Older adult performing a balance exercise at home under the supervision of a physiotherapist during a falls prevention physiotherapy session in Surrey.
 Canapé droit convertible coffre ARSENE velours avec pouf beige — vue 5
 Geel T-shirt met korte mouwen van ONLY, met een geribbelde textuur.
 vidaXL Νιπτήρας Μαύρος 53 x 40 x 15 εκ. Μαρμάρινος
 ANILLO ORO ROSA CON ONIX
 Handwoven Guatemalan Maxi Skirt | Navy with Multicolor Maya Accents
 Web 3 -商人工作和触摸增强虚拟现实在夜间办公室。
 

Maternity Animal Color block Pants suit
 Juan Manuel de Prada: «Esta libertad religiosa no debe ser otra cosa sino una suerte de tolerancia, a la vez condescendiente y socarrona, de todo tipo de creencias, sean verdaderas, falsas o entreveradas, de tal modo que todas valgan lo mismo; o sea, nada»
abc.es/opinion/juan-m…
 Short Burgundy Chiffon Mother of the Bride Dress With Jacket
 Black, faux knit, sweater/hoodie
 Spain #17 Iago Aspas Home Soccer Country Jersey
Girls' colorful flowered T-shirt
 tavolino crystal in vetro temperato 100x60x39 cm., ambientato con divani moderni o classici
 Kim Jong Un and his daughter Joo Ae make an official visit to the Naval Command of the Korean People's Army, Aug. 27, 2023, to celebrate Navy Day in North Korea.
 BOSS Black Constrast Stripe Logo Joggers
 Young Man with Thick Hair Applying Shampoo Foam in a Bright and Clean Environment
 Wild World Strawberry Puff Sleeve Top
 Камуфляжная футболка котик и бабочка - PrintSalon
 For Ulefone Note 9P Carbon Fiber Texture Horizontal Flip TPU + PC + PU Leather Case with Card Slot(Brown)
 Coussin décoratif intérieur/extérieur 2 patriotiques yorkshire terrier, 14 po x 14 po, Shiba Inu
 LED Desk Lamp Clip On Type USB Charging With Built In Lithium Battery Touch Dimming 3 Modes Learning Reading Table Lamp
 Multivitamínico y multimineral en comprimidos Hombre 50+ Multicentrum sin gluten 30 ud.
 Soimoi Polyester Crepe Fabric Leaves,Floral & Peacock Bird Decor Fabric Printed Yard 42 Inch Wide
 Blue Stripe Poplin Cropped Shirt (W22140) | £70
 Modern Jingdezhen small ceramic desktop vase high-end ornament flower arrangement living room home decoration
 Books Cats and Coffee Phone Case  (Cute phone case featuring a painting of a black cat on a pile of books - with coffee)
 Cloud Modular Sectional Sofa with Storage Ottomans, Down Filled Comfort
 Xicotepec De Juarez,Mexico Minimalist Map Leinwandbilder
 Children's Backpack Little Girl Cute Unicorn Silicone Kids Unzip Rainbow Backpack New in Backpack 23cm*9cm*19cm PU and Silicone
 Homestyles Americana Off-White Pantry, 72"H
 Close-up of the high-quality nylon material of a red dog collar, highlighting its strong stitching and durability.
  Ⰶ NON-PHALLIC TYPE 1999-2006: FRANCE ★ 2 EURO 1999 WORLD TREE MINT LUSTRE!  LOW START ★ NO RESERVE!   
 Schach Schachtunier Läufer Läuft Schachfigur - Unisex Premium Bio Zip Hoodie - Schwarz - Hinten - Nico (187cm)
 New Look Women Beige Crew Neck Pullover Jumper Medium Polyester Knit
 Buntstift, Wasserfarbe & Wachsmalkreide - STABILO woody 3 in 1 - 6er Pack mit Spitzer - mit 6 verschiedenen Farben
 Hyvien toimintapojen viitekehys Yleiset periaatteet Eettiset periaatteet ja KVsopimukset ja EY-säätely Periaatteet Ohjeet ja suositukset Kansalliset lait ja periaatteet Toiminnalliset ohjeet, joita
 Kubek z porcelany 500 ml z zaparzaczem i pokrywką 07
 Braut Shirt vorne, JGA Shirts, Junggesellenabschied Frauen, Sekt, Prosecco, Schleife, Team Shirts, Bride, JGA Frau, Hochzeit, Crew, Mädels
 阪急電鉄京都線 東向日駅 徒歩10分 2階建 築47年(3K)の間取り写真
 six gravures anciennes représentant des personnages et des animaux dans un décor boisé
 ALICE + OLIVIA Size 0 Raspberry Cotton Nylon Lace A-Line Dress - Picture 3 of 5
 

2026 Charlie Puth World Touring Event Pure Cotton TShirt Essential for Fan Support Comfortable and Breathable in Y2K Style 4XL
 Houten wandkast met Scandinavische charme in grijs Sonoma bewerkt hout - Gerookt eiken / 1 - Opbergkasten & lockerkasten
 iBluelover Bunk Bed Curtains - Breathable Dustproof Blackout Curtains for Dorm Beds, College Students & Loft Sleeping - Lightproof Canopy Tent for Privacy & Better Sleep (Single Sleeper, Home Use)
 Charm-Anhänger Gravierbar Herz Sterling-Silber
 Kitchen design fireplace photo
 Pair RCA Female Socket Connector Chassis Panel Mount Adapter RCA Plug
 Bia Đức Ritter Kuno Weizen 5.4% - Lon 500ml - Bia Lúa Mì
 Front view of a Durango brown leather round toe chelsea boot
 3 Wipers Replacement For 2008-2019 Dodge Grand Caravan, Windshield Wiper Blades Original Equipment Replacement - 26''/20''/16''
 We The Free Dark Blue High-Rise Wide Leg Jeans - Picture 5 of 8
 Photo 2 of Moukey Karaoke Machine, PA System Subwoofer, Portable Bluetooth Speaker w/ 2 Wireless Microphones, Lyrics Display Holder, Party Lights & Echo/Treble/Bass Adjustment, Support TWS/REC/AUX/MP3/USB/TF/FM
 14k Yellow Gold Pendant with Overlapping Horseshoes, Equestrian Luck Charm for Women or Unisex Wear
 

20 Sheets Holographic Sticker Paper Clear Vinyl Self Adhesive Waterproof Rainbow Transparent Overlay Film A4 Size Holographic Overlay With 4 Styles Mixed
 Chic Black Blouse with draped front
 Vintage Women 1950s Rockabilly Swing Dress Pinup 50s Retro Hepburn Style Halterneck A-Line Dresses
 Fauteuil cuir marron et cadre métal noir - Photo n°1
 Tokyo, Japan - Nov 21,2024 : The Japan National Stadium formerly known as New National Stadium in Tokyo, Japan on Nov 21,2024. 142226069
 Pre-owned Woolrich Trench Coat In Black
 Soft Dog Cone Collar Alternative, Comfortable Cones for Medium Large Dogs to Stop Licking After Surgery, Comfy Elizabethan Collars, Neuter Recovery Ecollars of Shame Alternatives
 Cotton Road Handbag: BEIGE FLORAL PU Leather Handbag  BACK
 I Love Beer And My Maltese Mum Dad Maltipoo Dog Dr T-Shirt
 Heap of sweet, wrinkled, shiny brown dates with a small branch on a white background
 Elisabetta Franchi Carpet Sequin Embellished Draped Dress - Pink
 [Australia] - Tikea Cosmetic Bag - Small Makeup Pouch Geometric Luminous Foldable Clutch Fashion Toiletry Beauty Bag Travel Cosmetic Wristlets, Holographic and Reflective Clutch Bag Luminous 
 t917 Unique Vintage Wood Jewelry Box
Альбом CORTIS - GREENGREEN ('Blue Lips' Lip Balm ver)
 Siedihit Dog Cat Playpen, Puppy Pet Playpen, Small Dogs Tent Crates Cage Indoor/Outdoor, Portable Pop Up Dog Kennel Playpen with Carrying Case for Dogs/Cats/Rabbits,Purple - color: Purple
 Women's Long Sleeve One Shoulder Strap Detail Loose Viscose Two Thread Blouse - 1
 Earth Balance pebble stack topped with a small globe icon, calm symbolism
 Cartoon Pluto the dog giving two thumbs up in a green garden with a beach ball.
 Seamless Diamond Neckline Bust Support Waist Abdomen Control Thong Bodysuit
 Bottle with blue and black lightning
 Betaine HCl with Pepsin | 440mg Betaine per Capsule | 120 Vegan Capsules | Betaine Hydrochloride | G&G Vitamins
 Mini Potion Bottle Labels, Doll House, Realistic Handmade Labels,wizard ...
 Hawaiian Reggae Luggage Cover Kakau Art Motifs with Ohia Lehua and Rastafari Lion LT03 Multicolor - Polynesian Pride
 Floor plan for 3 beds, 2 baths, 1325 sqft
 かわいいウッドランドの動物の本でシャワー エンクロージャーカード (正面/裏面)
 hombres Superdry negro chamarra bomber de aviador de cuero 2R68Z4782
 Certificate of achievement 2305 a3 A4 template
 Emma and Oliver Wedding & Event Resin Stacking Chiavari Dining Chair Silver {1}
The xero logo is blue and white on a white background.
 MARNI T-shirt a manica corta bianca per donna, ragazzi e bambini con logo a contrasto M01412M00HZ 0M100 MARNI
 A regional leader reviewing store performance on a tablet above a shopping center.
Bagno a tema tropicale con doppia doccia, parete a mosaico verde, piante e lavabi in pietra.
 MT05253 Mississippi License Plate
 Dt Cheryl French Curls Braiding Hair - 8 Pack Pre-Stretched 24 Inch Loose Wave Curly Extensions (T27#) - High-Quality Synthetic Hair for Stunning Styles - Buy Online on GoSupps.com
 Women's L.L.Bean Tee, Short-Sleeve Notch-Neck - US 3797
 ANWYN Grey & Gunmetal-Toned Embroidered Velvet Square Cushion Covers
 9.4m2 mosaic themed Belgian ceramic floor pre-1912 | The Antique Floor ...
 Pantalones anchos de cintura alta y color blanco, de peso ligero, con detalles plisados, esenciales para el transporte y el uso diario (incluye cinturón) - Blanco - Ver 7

══════════

### [YOUR TASK]
Wherever the word "Loose" appears in the listing above, copy the whole line.

### [REPLY]
 Women's Long Sleeve One Shoulder Strap Detail Loose Viscose Two Thread Blouse - 1
 Dt Cheryl French Curls Braiding Hair - 8 Pack Pre-Stretched 24 Inch Loose Wave Curly Extensions (T27#) - High-Quality Synthetic Hair for Stunning Styles - Buy Online on GoSupps.com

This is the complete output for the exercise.